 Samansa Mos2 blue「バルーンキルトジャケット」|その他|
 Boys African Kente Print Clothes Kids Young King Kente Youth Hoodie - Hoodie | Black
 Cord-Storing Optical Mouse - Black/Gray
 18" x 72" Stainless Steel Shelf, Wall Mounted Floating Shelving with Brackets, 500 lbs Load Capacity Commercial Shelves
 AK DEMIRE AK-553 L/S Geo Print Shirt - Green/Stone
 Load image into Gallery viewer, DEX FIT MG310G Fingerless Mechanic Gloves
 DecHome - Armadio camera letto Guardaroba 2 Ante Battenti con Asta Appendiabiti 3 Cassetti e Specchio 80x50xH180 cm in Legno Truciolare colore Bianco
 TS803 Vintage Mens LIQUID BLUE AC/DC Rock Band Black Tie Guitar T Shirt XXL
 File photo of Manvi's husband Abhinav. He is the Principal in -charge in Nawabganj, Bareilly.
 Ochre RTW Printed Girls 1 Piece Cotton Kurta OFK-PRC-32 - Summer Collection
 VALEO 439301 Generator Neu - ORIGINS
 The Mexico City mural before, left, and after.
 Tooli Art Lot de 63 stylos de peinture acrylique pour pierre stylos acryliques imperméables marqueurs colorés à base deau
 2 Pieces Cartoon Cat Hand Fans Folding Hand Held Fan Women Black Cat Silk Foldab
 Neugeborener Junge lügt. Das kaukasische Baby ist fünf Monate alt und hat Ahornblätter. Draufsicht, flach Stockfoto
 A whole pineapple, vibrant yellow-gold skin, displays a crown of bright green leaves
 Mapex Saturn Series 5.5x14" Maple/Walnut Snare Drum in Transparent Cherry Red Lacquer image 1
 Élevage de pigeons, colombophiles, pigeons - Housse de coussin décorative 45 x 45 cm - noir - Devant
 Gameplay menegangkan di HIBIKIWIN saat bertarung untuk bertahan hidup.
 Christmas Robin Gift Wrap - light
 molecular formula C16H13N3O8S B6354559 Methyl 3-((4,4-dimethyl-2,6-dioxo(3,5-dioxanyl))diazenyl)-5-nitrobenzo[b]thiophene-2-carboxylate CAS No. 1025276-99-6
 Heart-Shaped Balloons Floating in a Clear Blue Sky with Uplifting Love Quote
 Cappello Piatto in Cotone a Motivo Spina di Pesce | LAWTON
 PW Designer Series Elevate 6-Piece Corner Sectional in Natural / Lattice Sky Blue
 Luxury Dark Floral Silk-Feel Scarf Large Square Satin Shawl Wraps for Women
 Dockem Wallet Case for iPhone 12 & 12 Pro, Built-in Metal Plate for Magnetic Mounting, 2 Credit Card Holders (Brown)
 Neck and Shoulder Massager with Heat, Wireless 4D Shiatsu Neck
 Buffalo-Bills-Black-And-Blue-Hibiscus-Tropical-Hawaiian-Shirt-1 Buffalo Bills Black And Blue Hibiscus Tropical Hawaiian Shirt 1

• _TASK ITEM_
An exact copy of every record above is required.

• _EXERCISE RESPONSE_
 Samansa Mos2 blue「バルーンキルトジャケット」|その他|
 Boys African Kente Print Clothes Kids Young King Kente Youth Hoodie - Hoodie | Black
 Cord-Storing Optical Mouse - Black/Gray
 18" x 72" Stainless Steel Shelf, Wall Mounted Floating Shelving with Brackets, 500 lbs Load Capacity Commercial Shelves
 AK DEMIRE AK-553 L/S Geo Print Shirt - Green/Stone
 Load image into Gallery viewer, DEX FIT MG310G Fingerless Mechanic Gloves
 DecHome - Armadio camera letto Guardaroba 2 Ante Battenti con Asta Appendiabiti 3 Cassetti e Specchio 80x50xH180 cm in Legno Truciolare colore Bianco
 TS803 Vintage Mens LIQUID BLUE AC/DC Rock Band Black Tie Guitar T Shirt XXL
 File photo of Manvi's husband Abhinav. He is the Principal in -charge in Nawabganj, Bareilly.
 Ochre RTW Printed Girls 1 Piece Cotton Kurta OFK-PRC-32 - Summer Collection
 VALEO 439301 Generator Neu - ORIGINS
 The Mexico City mural before, left, and after.
 Tooli Art Lot de 63 stylos de peinture acrylique pour pierre stylos acryliques imperméables marqueurs colorés à base deau
 2 Pieces Cartoon Cat Hand Fans Folding Hand Held Fan Women Black Cat Silk Foldab
 Neugeborener Junge lügt. Das kaukasische Baby ist fünf Monate alt und hat Ahornblätter. Draufsicht, flach Stockfoto
 A whole pineapple, vibrant yellow-gold skin, displays a crown of bright green leaves
 Mapex Saturn Series 5.5x14" Maple/Walnut Snare Drum in Transparent Cherry Red Lacquer image 1
 Élevage de pigeons, colombophiles, pigeons - Housse de coussin décorative 45 x 45 cm - noir - Devant
 Gameplay menegangkan di HIBIKIWIN saat bertarung untuk bertahan hidup.
 Christmas Robin Gift Wrap - light
 molecular formula C16H13N3O8S B6354559 Methyl 3-((4,4-dimethyl-2,6-dioxo(3,5-dioxanyl))diazenyl)-5-nitrobenzo[b]thiophene-2-carboxylate CAS No. 1025276-99-6
 Heart-Shaped Balloons Floating in a Clear Blue Sky with Uplifting Love Quote
 Cappello Piatto in Cotone a Motivo Spina di Pesce | LAWTON
 PW Designer Series Elevate 6-Piece Corner Sectional in Natural / Lattice Sky Blue
 Luxury Dark Floral Silk-Feel Scarf Large Square Satin Shawl Wraps for Women
 Dockem Wallet Case for iPhone 12 & 12 Pro, Built-in Metal Plate for Magnetic Mounting, 2 Credit Card Holders (Brown)
 Neck and Shoulder Massager with Heat, Wireless 4D Shiatsu Neck
 Buffalo-Bills-Black-And-Blue-Hibiscus-Tropical-Hawaiian-Shirt-1 Buffalo Bills Black And Blue Hibiscus Tropical Hawaiian Shirt 1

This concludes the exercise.